Honestly, doesn’t that description whet your dramatic appetite, at least a bit? Because honestly, this wonderful scene eclipses everything else in the play. It plays out with tension and mystery, character and tensions emerging one after another, while the cast does a genuinely splendid job.
It also leads up to murder.
Here lies the problem. Not that we already know such is the reason for the visit (although from a technical point of view that does weaken the scene) but because the rest of the play never reaches this level. Understand—elements turn out quite interesting, even engaging, but overall the script remains uneven. Billed a dark comedy, honestly I hardly ever laughed or even grinned. Part of that must lie with the slow way scenes shifted (this remains a complaint of mine with many productions—no one wants to watch furniture being moved) but also frankly the lack of insight we receive about most of the characters. The only one who consistently seems very much alive and himself is Greg (Andrew McIntyre) whose relationship with best friend Jonathan remains the biggest unexplored mystery of the play.
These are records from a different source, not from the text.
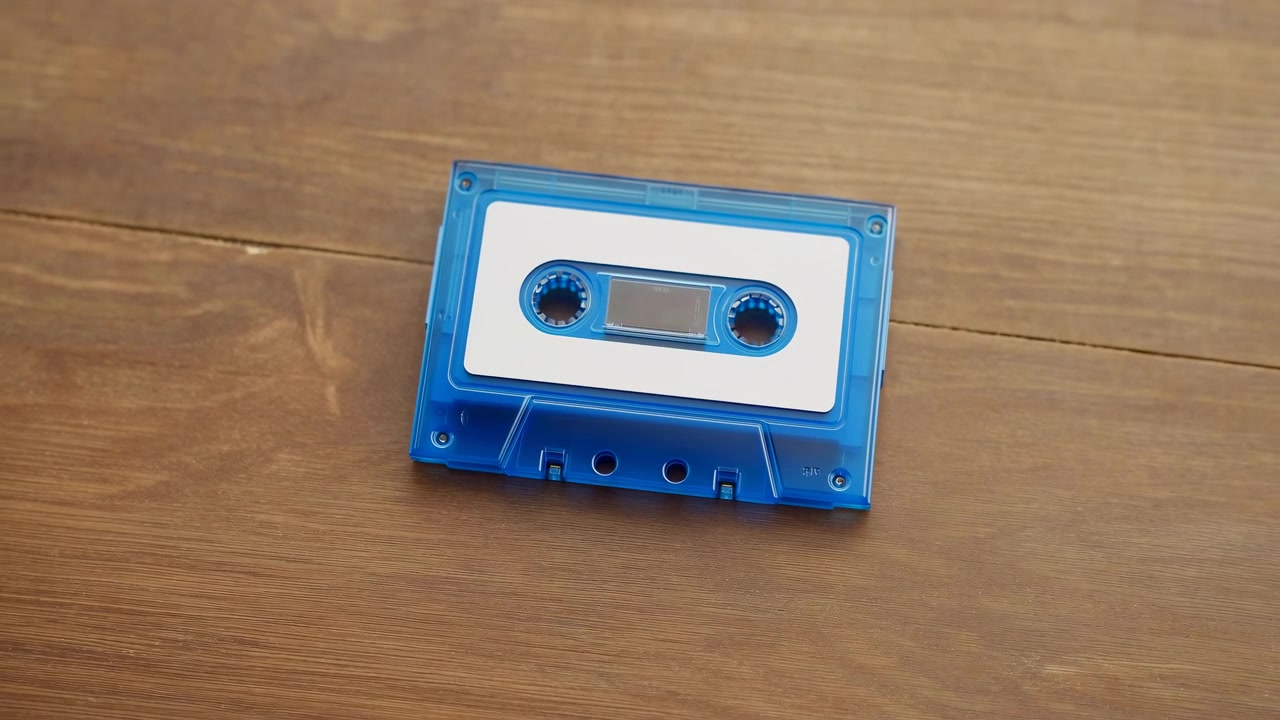 Composizione dall'alto che mostra una cassetta audio blu trasparente appoggiata vicino al centro superiore di un tavolo di legno marrone caldo. L'involucro di plastica trasparente rivela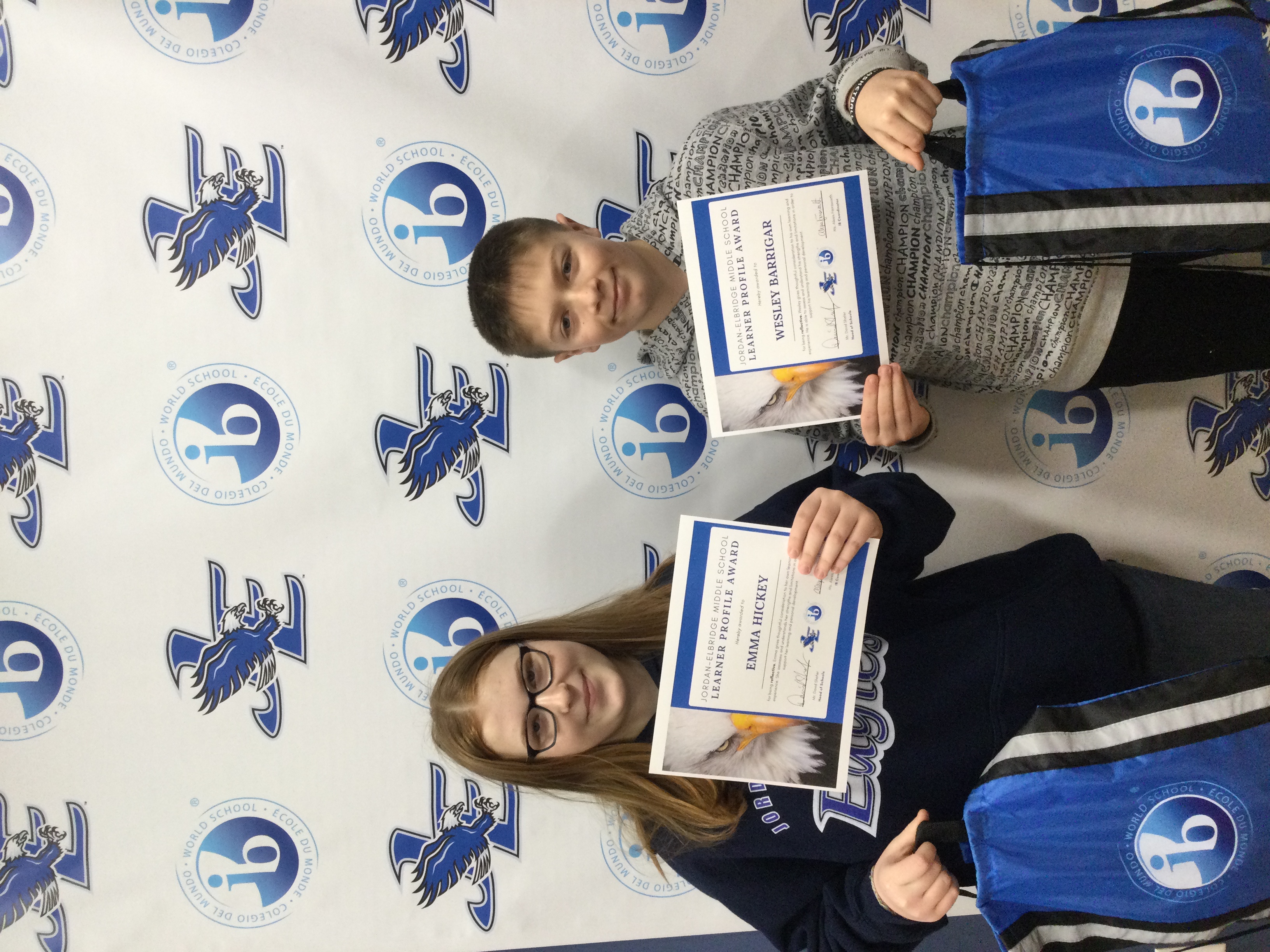 Wesley Barrigar and Emma Hickey pose for a photo after receiving the learner profile award for reflective in January.
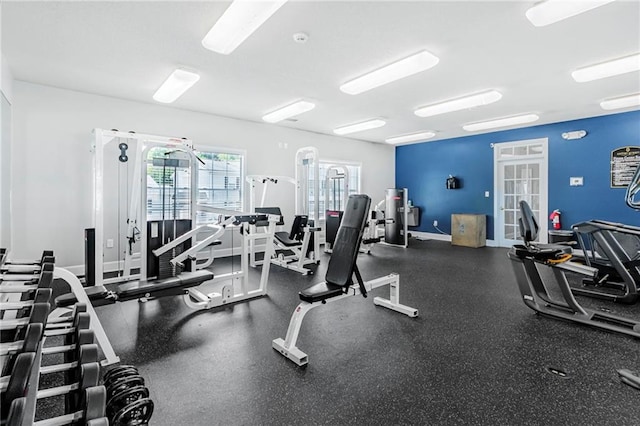 gym featuring baseboards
Clearly, the playwright has some real talent. Ditto the cast. Director Bryan Fox shows some skill and cleverness, albeit amid some problems, but truthfully the production does not gel into a coherent experience. Given its avowed nature as a comedy, this comes down more than anything to rhythm. One can indeed shift tone and genre successfully and to great effect. But the skill to do so only shows in small flashes. Meanwhile three extremely minor characters—the Pit Boss (Nicholas Maes), Detective Grilling (Tess Kartel) and Detective Ispy (James Vallejo)—seem wasted. Honestly I could not figure a single reason for the first of the three to even be in the script! The other two come across as just weird, but purposelessly so. I like weird. But weird needs to fit. Just as a deliberately jarring note in a piece of music has to be the right jarring note and placed in just the right moment.